Section B.1: Data Exploration/Data Cleansing Flashcards
Data Exploration
The process of examining and understanding data in order to identify patterns, relationships, and trends that can be used to generate insights and support decision-making.
Data exploration involves
Data exploration involves the collection, cleaning/pre-processing, visualisation, analysis, of data.
Data Exploration processes (VMOVVCUBM)
Variable identification
Missing values treatment
Outlier treatment
Variable transformation
Variable creation
Check data stucture
Univariate analysis
Bivariate analysis
Multivariate analysis
Variable identification
Identifying: Variable type (dependent or idependent), Data type (numeric or character), and Variable category (categorical or continuous)
Data Cleansing/Pre-processing
Data cleaning is the process of detecting and correcting anomalies within the data to ensure it is accurate, complete, and useful for analysis.
Missing values deletion
Missing values are deleted either:
List-wise: Removing the whole row for simplicity
Pair-wise: Analysing only the values that are present for keeping as many cases as possible
Missing values
Missing values are data that is missed because of data extraction problems, that can distort estimates, they can be classified in three types: MAR (Missing at Random), MNAR (Missing Not At Random), or MCAR (Missing Completely At Random).

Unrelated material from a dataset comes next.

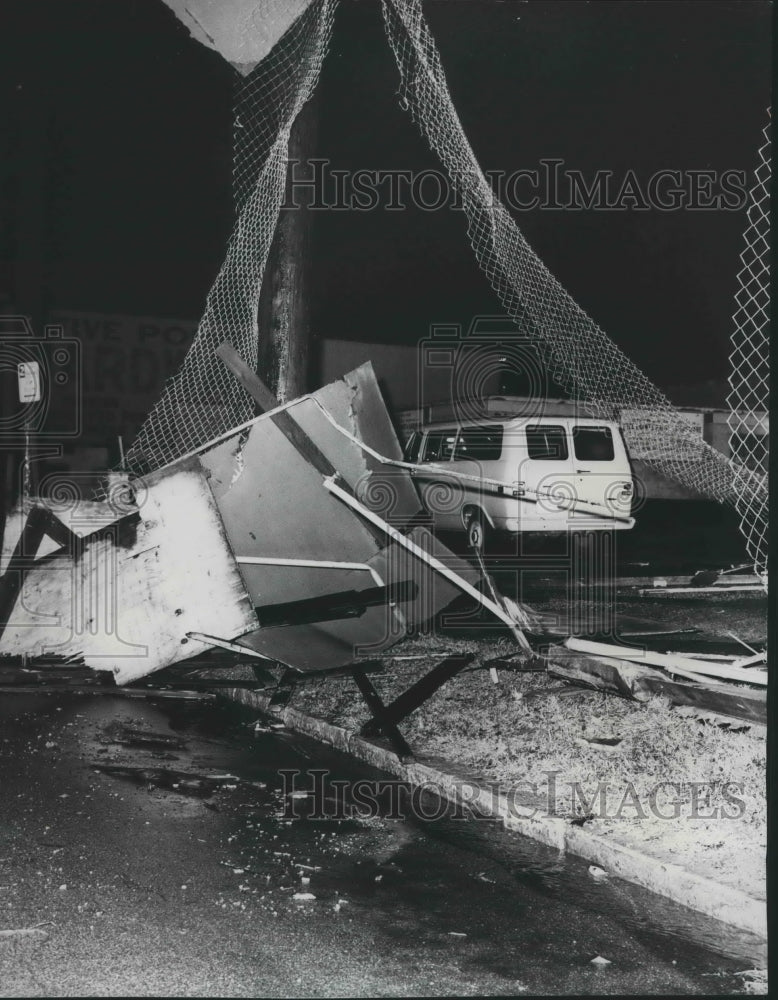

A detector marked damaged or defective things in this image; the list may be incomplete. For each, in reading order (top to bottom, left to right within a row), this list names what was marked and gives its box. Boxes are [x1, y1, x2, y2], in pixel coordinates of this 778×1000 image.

broken lumber [560, 640, 768, 688]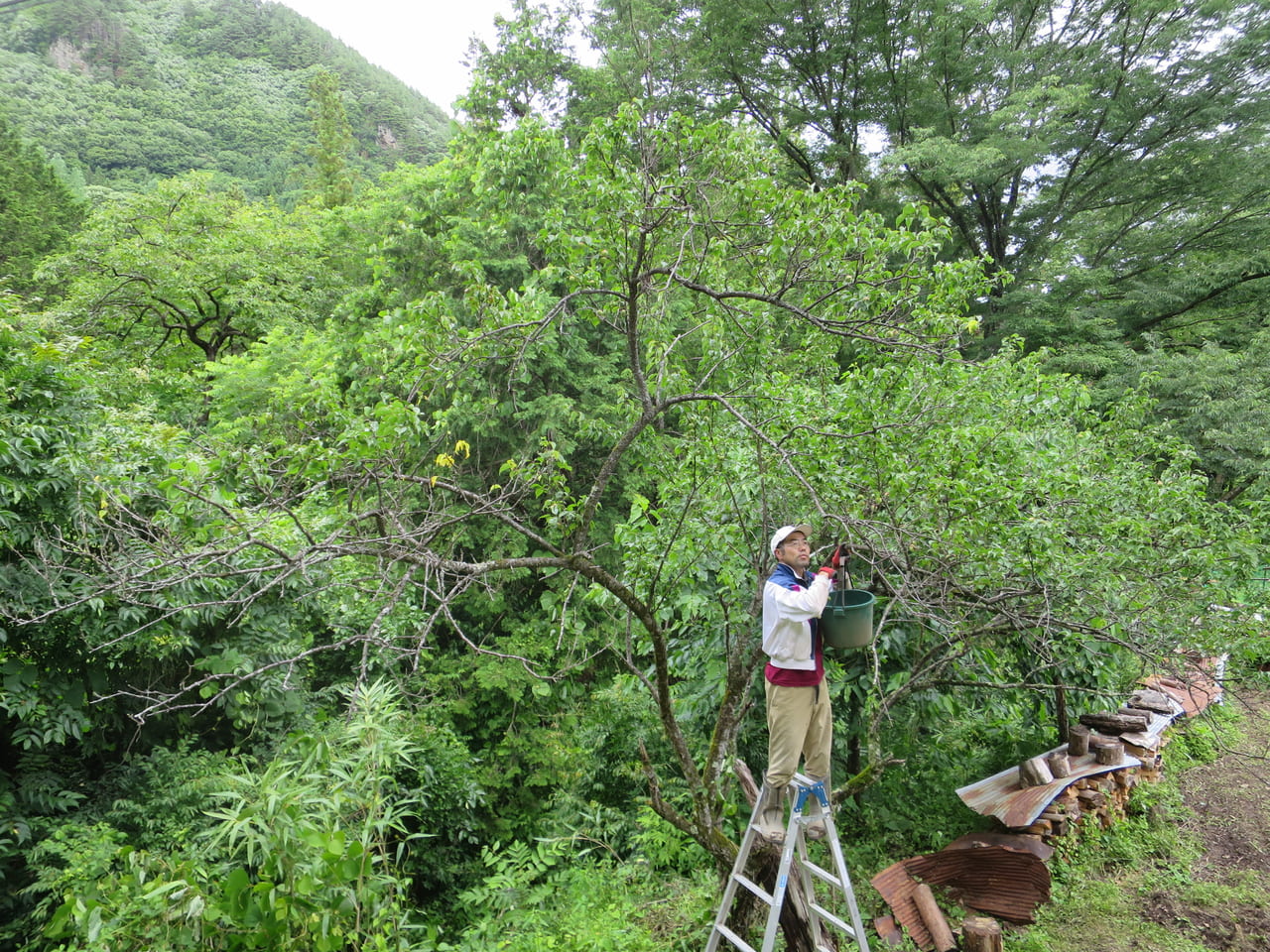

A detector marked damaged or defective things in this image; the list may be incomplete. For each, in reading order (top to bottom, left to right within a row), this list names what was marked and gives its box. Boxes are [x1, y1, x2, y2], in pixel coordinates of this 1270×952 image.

Methods for treating missing values (3)
Mean/mode/median imputation
Prediction modelling
KNN imputation
What is Mean/median/mode imputation for missing value treatment?
Mean/mode/median imputation - estimating and replacing missing values based on the mean, median, or mode of all known values of that variable
What is prediction modelling for missing values treatment?
Predicting the missing values based on regression modelling
What is KNN imputation?
kNN imputation uses an algorithm to impute the missing value based on the values nearest or most similar to the missing values.
What is an outlier?
An outlier is an extreme value within a dataset that diverges from the overall sample pattern, which can distort statistics, measures, models and graphs.
They are defined as values beyond ±1.5 x IQR, or 3 x σ from the mean (three sigma limit)
How would you detect outliers in a dataset?
Detect outliers by graphing the features or data points using a scatterplot or boxplot.
What is Feature/Variable creation?
Feature or Variable Creation is the process of generating a new variable or feature based on existing variables.
E.g. data$windchill <- windspeed/temp
What are the Data Structures (in R)?
All data in R is stored in an object, there are five different types of these objects, which are: Vector, Matrix, List, Data Frame, Factor)
Vector
A vector is what is called an array in all other programming languages except R - a collection of cells with a fixed size where all cells are the same type (numerical or characters)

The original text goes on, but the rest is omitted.